The Versailles chateau and gardens, a symbol of French state power and one of Europe’s top tourist attractions, will be closed on Saturday as authorities expect hundreds of protesters in the wealthy suburb, 20 km (12 miles) west of Paris.
Jean-Jacques Brot, prefect of the Yvelines region, told reporters the demonstration would be confined to the city’s central avenue, well away from the palace and shopping areas.
Versailles was a focal point of the French revolution and the October 1789 march on the palace by the Parisian mob led to overthrown and subsequent execution of King Louis XVI.

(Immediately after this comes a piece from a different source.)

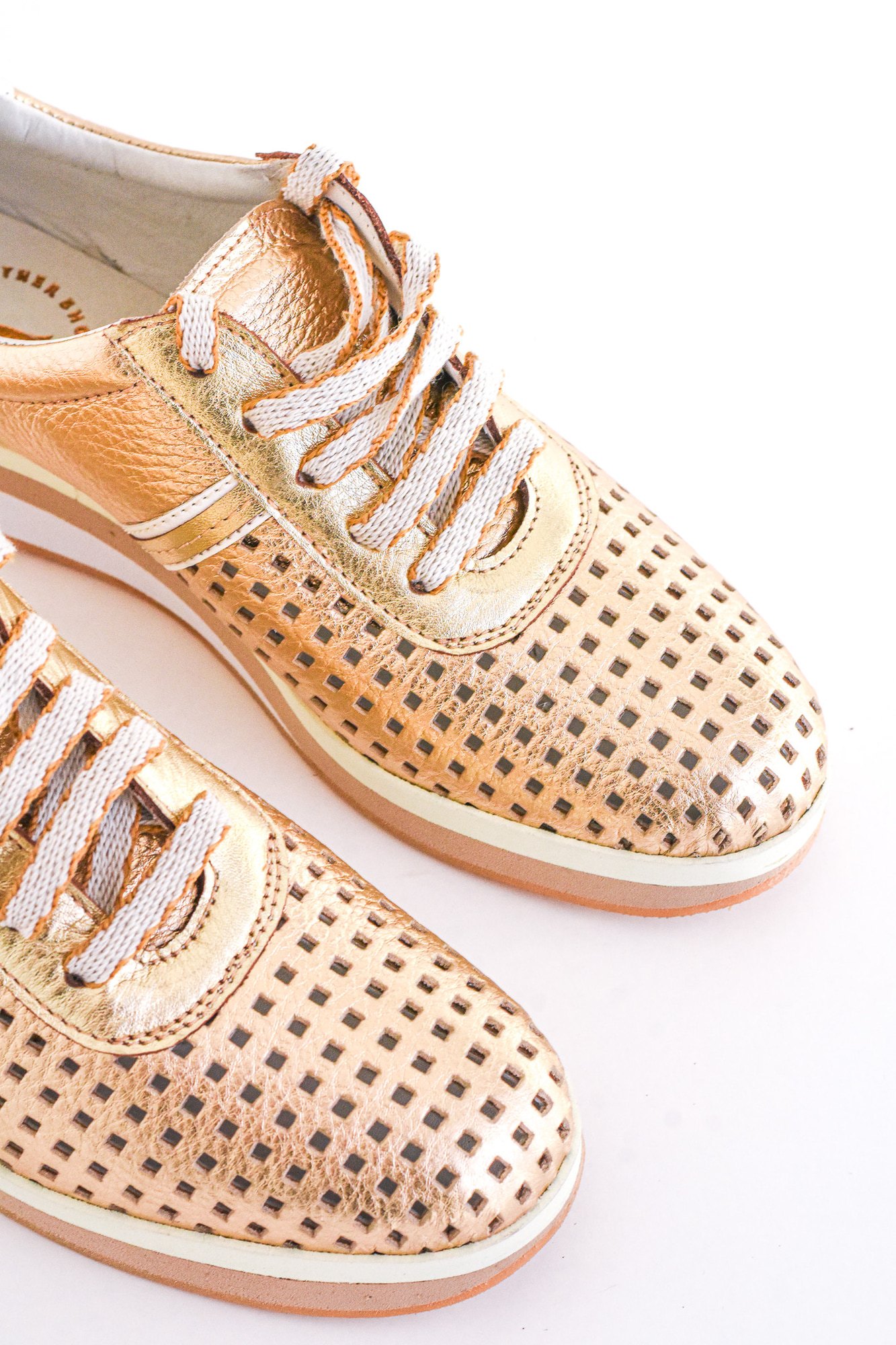 Classic sneaker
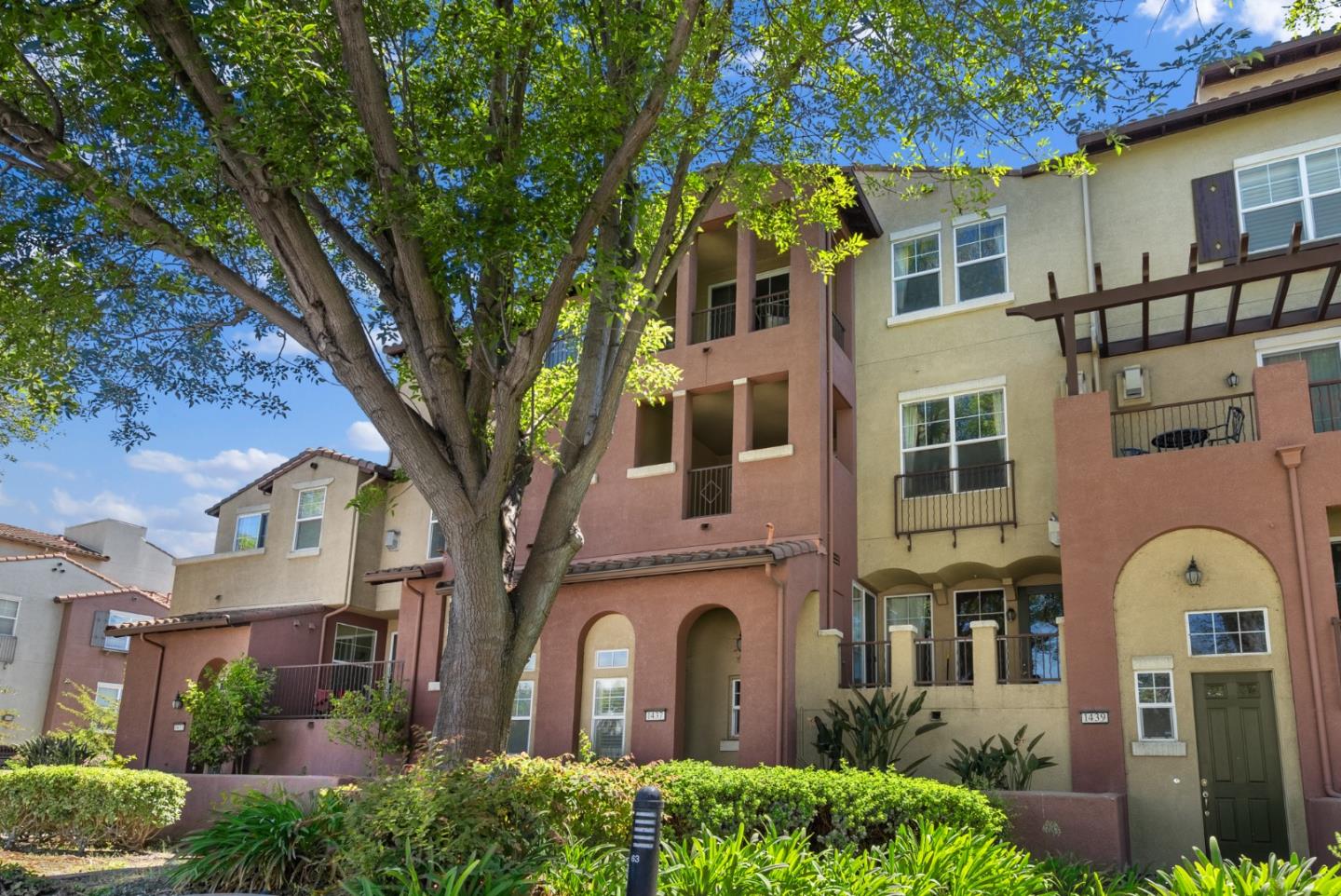 Detail Gallery Image 2 of 26 For 1437 Marcello Dr, San Jose,  CA 95131 - 2 Beds | 2/1 Baths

According to a prefecture official quoted by daily Ouest France, about 1,400 people have said they would take part in the march following a call to demonstrate in Versailles by one of the yellow vest leaders on Thursday.
“We are ready in case the protest focuses on Versailles, but it could also be elsewhere,” Interior Minister Christophe Castaner said on Thursday.
Yellow vest leaders have called for new demonstrations on Saturday and encouraged their supporters to block trucks at the borders in a sixth weekend of nationwide protests, which have led to rioting and looting in Paris and other big French cities.
Nine people have died in the protests, mostly in traffic accidents at yellow vest roadblocks. Retailers, restaurants and hotels have lost millions of revenue in the weekends leading up to Christmas as they were forced to closed their doors for fear of looting and violence.
But the movement - named after the fluorescent vests motorists are required to have in their cars - has gradually lost steam in recent weeks, with just 66,000 people taking part in protests nationwide last Saturday compared to nearly 300,000 on Nov. 17., according to interior ministry data.
President Emmanuel Macron has announced a raft of measures costing the state budget some 10 billion euros ($11.4 billion) to appease the yellow vests, boosting the minimum wage and easing tax increases on pensioners.
Macron has also promised to organize a broad nationwide debate about taxation in the coming three months.